ReplyDeleteI'm with Kario: asking for help is so hard to do, and so vital. If only more people could do it, because everyone needs it sometimes. Being open about how you're struggling, putting it into the world, already robs it of some of its power. You are no longer alone in the dark with these struggles--you've thrown on the light and opened the door. It's time to let people in to help you and share this load.
ReplyDeletePlease keep posting on everything and let us share this with you.
How can we help, Holly?
ReplyDeleteIs there anything, anything at all, I can do from here? Whatever it might be, e-mail me and I'll get on it right away.
I know the feeling you're describing, know it deep in my bones.
But we're here and we care deeply. We've got your back, love. Tell us what you need.
Holly, thank you for finding words for the struggle. What a gift you have.
ReplyDeleteI wish I was there in Portland to help you directly.
Your life is so hard right now -- but it won't always be. The pendulum is swinging even as we speak, it can't help itself. In the meantime, your work is to rest and reach out for the help you need. There is nothing more important than your health and well-being. Feel the love in this room, from all over the country. We're with you. xo t
Holly, you need to read your own words and than do for yourself the thing you would tell your best friend to do. I'm so proud of you for asking for help. Listen to Auntie Carrie and get yourself away. I'm just across the river and right here in words for you every day. All you have to do is ask. Sending lots of love and blessings your way.
ReplyDeleteYou are right in the thick of it. You DO need rest, you DO need to be held. You DO need help. You need it because you are asking for it.

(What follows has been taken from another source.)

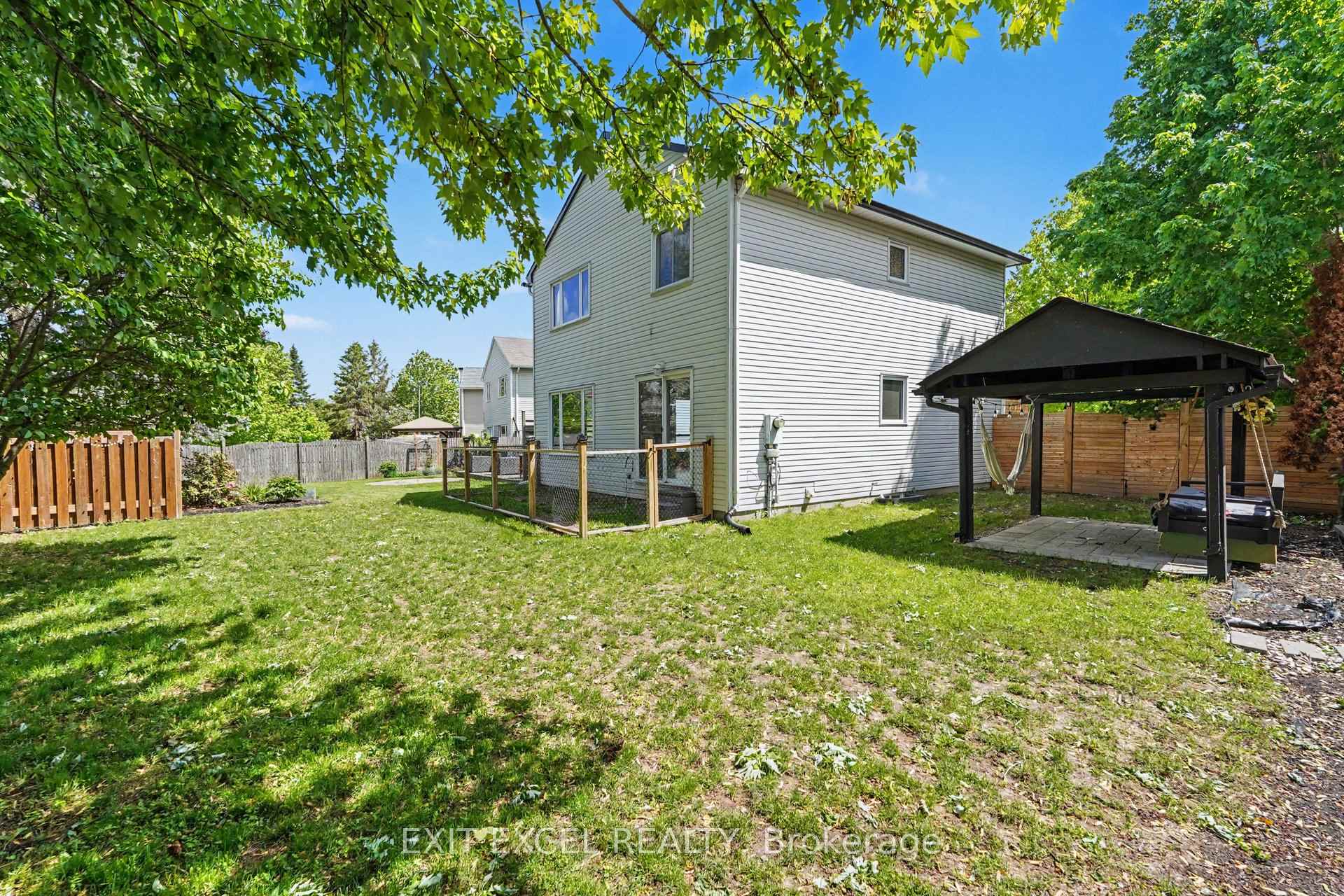 Photo 30 of 16 Lima Way, Ottawa, Barrhaven - Cedargrove/Fraserdale — HOMEH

The hardest thing in this world is to admit we need help and you are courageous for admitting it. It's terrifying. I know it. You are precious, Holly, and worthy and perfect.
ReplyDeleteKeep writing and let us know how you are.
I'm so glad you posted this, it's awesome writing. And brave.
ReplyDeleteAnd you will have help. I know, because some of it is right here.
Big love.
I can't find the words here. Been thinking about you all night. Close your eyes and know that you are not alone.
ReplyDeleteSometimes we do have to be taken apart. In shamanic traditions this is a great boon. When one feels 'crazy' they are recognized as being ready for initiation. There is a larger process going on here, and our culture does little to support it - and yet it happens anyway. It requires big letting go and the acceptance of others to help hold you while the elements undo then put you back together again.
The biggest suffering is the stubborness of trying to do it alone. We are just not meant to do any of this alone.
This writing is is an open door. Keep going.
Love you.
I had to take a leave of absence from work. TWICE. Reach out, it's there.